Short text fragments from websites
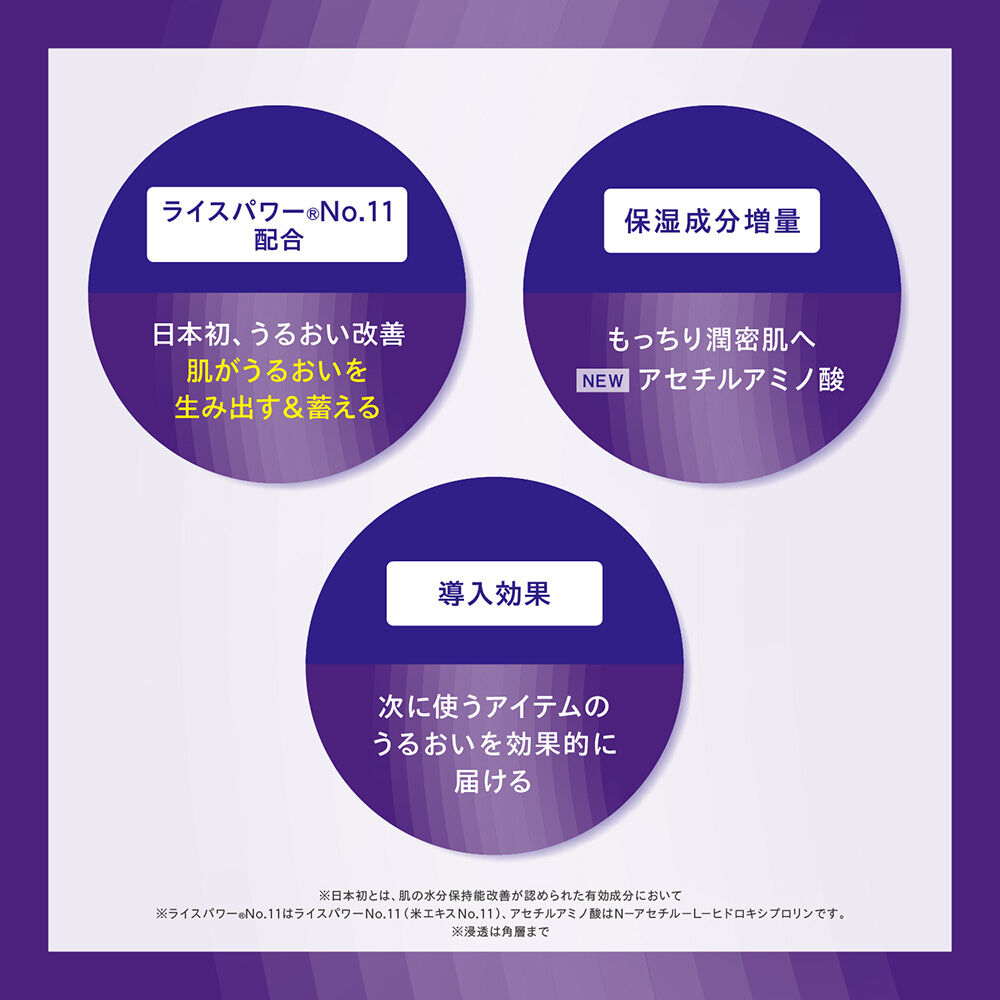ONE BY KOSE「ONE BY KOSE セラムヴェール ディープリペア 限定品 (120mL、30mL、24mL)」|美容液・オイル・クリーム|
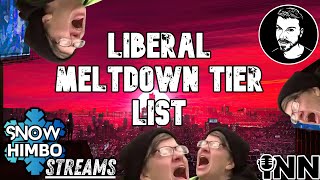 Liberal Meltdown TIER LIST  Snow Himbo Streams [upl. by Hallette166]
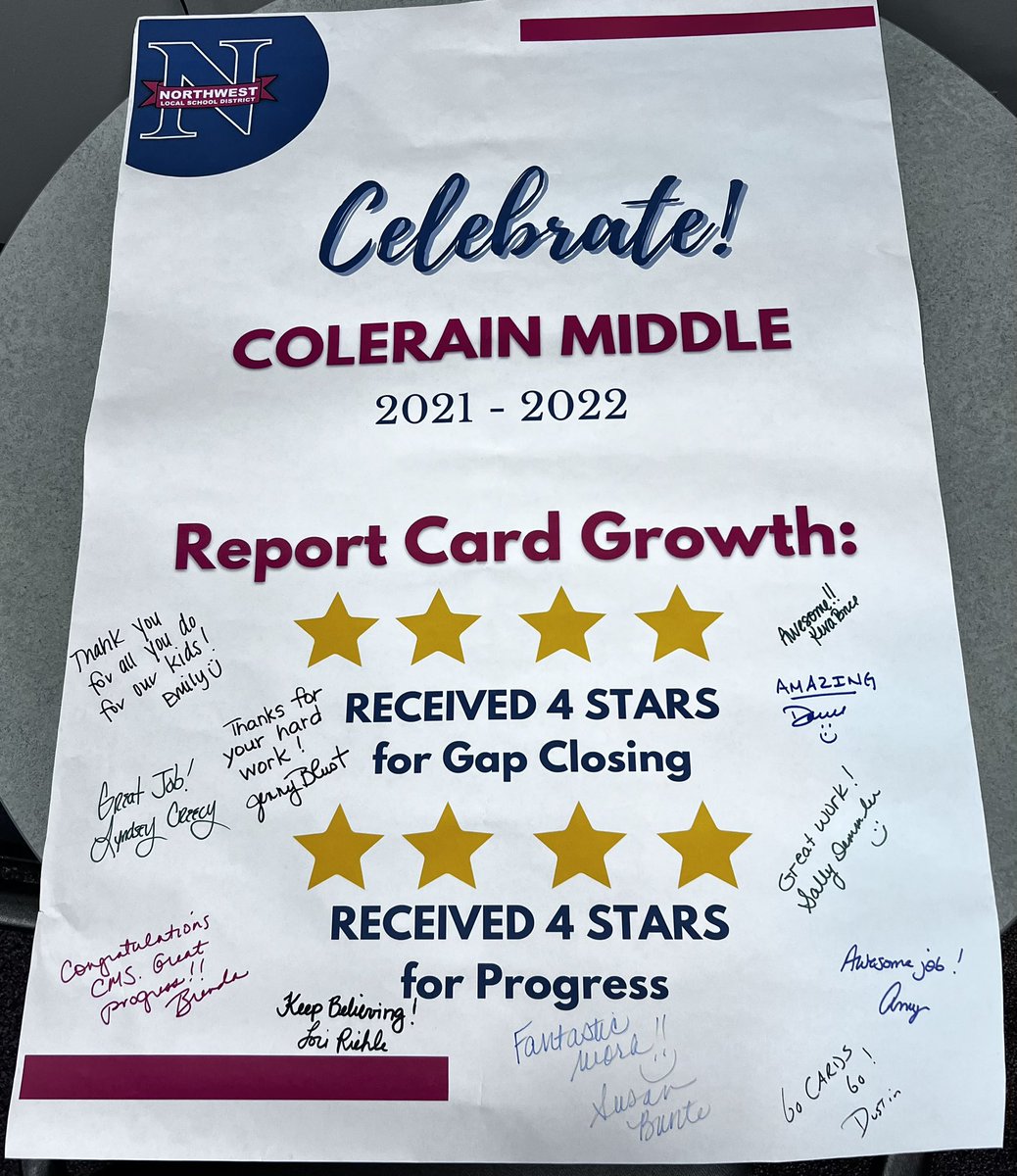 CMS Admin tweet media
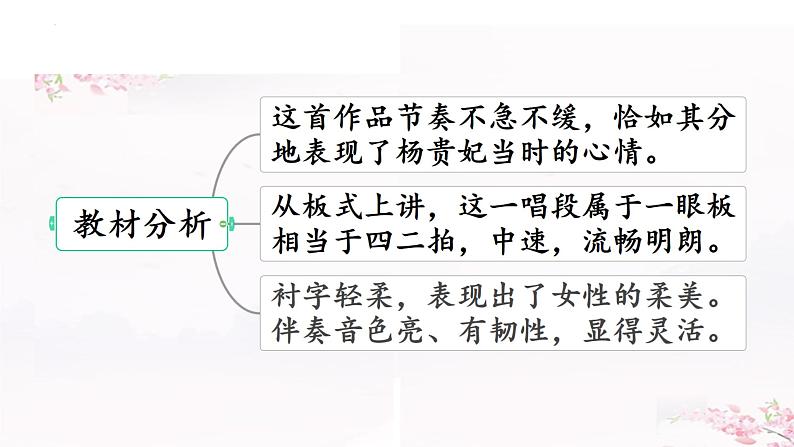 第二单元 梨园风采——《海岛冰轮初转腾》 课件人教版初中音乐八年级下册第2页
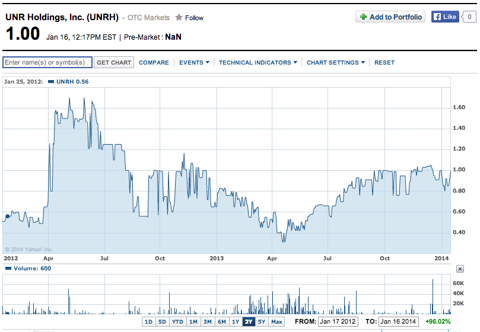 2 Year Chart UNRH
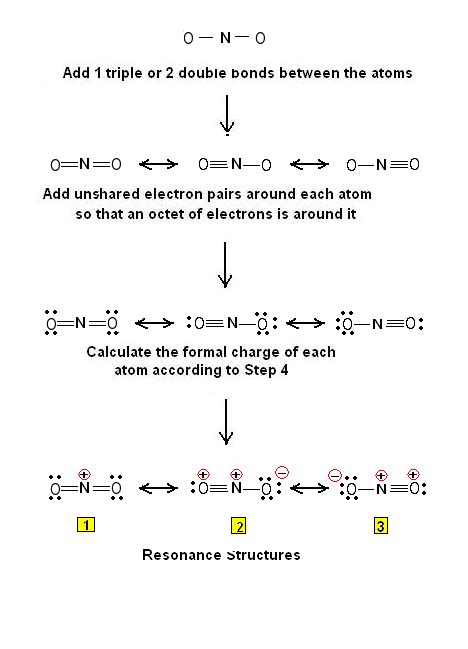 Simple Procedure for writing Lewis Structures – Lewis Structures for ...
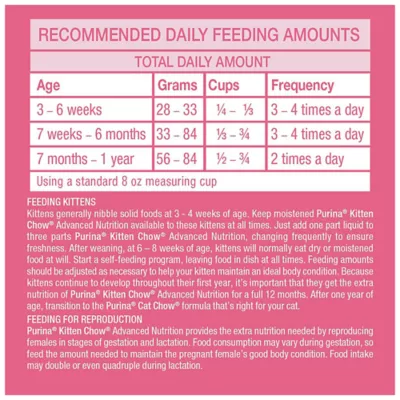 Kitten Chow Dry Kitten Food, Advanced Nutrition Real Chicken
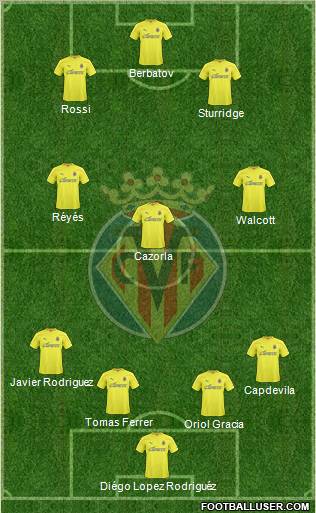 Villarreal C.F., S.A.D. Formation 2011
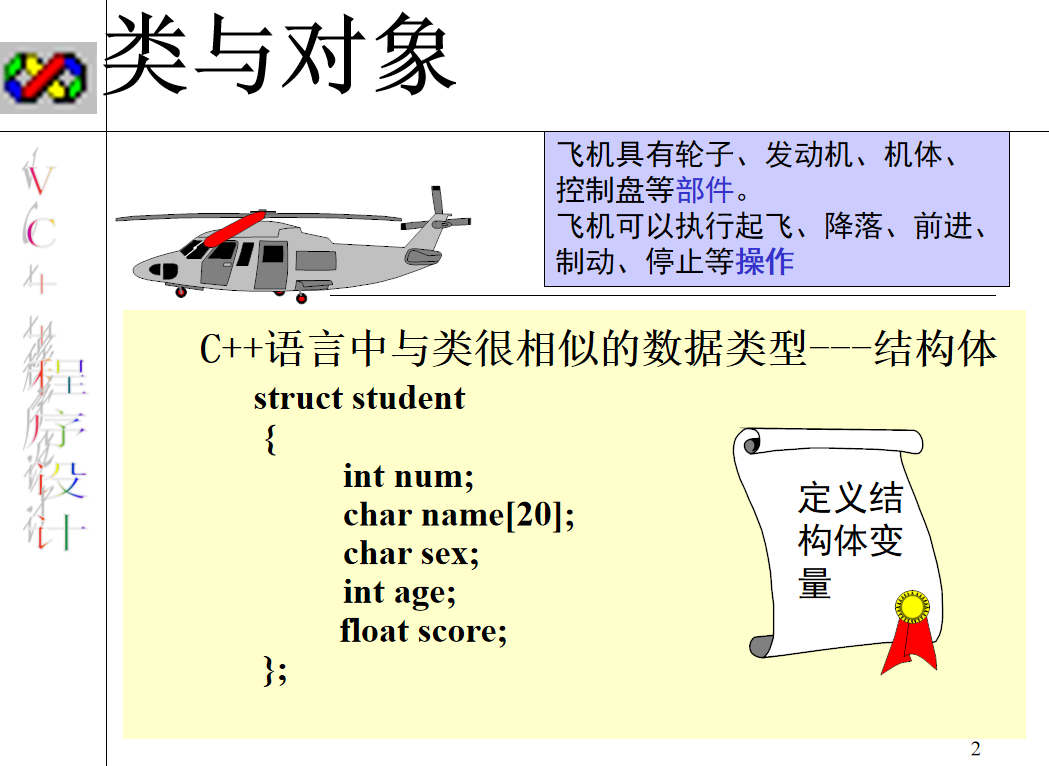 C++（类与对象）总结-白嫖收集分享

*What to produce*. Beginning with the line that contains "CMS Admin tweet media", repeat every remaining line of the data exactly, the last line included, and omit pictures.

*Worked solution*.
 CMS Admin tweet media
 第二单元 梨园风采——《海岛冰轮初转腾》 课件人教版初中音乐八年级下册第2页
 2 Year Chart UNRH
 Simple Procedure for writing Lewis Structures – Lewis Structures for ...
 Kitten Chow Dry Kitten Food, Advanced Nutrition Real Chicken
 Villarreal C.F., S.A.D. Formation 2011
 C++（类与对象）总结-白嫖收集分享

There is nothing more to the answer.